Binge drinking is a serious matter. Teens often believe that they don’t drink because they only have a few drinks on the weekends or at the occasional party. Binge drinking, or drinking several drinks in a short period of time, is a widespread problem in teens and young adults. You don’t have to drink every day to have a problem with alcohol. Furthermore, if you binge drink, there are health hazards involved.
According to statistics from Drugs.com, one out of four teens in the US reports that they binge drink. Binge drinking is defined as having four or five drinks within two hours. At unsupervised parties, where guests have unrestricted access to alcohol, it may be hard to count the number of drinks. Teenagers may be vulnerable if they exhibit a willingness to take risks, experience peer pressure, or emotional problems. Alcohol binges may be followed by days or weeks of abstinence. Therefore, this can lure teens into believing that they’ve got their drinking under control.
The teen years are a time of experimentation, intense emotions, and impulsive behavior. For a lot of teens, this age is also a time to test the effects of drugs and alcohol. Teens realize that alcohol can help her overcome social anxieties, forget about stress, or numb pain. Since alcohol is readily available, this substance is often a teen’s first drug of choice due to its accessibility.
On the surface, binge drinking may not seem like a dangerous behavior. After all, if you only have “a couple of beers” every other week or so, you don’t have a drinking problem, right?
A study from the American Psychological Association lists some of the hazards of binge drinking:
- Alcohol poisoning
- Accidental injuries, including falls and drowning
- Drunk driving/motor vehicle accidents
- Unprotected sex/sexually transmitted diseases
Alcohol poisoning is one of the biggest risks of binge drinking because the body absorbs ethanol, the active ingredient in alcoholic drinks, faster than proteins, carbohydrates, or fats. It takes the body about an hour to process the alcohol through the liver, notes the Mayo Clinic. This means that downing four or five drinks in an hour gives your body more ethanol than it can handle which as a result, depresses the nervous system. Consequently, drinking too much can affect your muscle coordination, thought processes, heart rate, and breathing.

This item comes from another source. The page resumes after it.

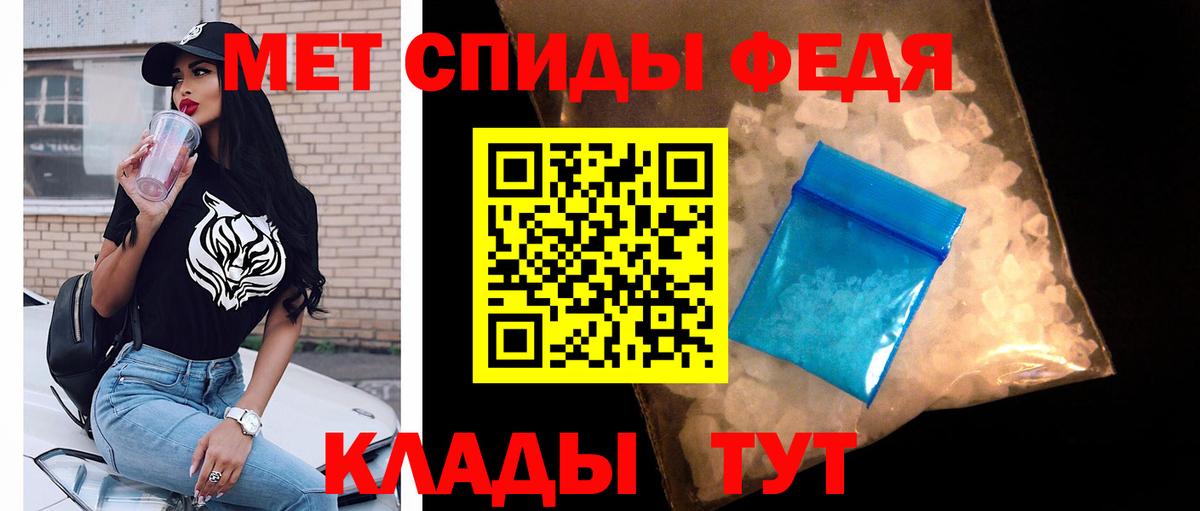 МЕТАМФЕТАМИН Декстрометамфетамин 99.9%  Метамфетамин  Кингисепп  Вход с VPN 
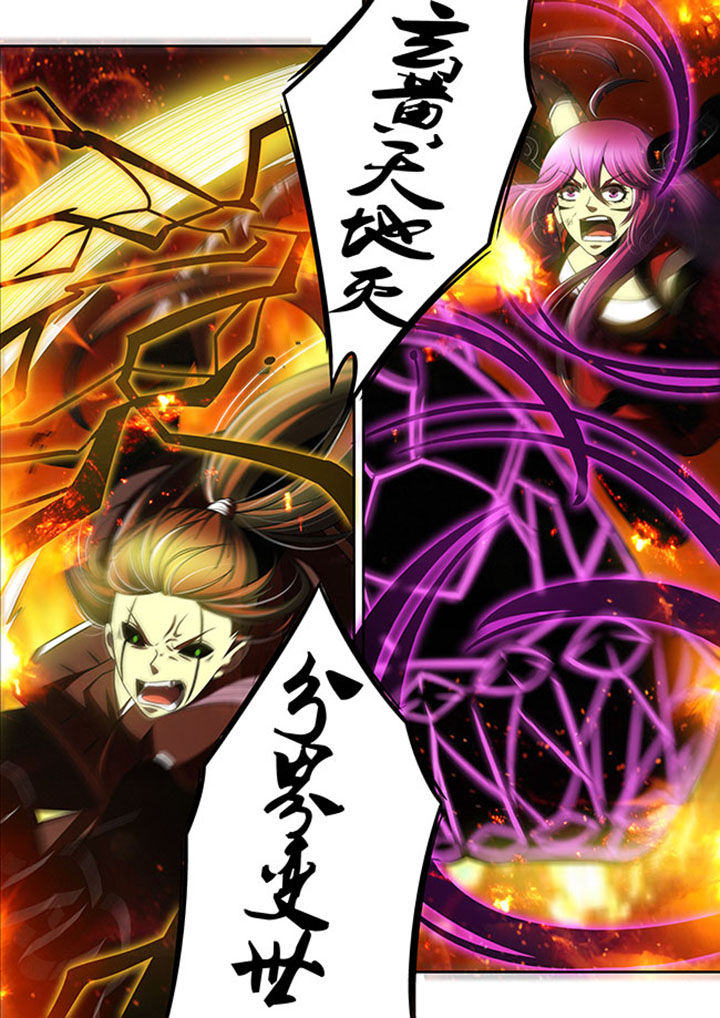 千织百绘漫画,第45章：4图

The effects of alcohol poisoning include:
- Severe confusion
- A respiratory rate of fewer than eight breaths in 60 seconds
- Sudden pallor or bluish skin
- A drop in temperature
If you’re with someone who shows signs of alcohol poisoning, get help immediately. Call 911, then stay with the person until emergency services arrive. If the person is vomiting, turn him over on his left side to prevent choking. Someone who’s very drunk should never be left alone, especially if he or she passes out.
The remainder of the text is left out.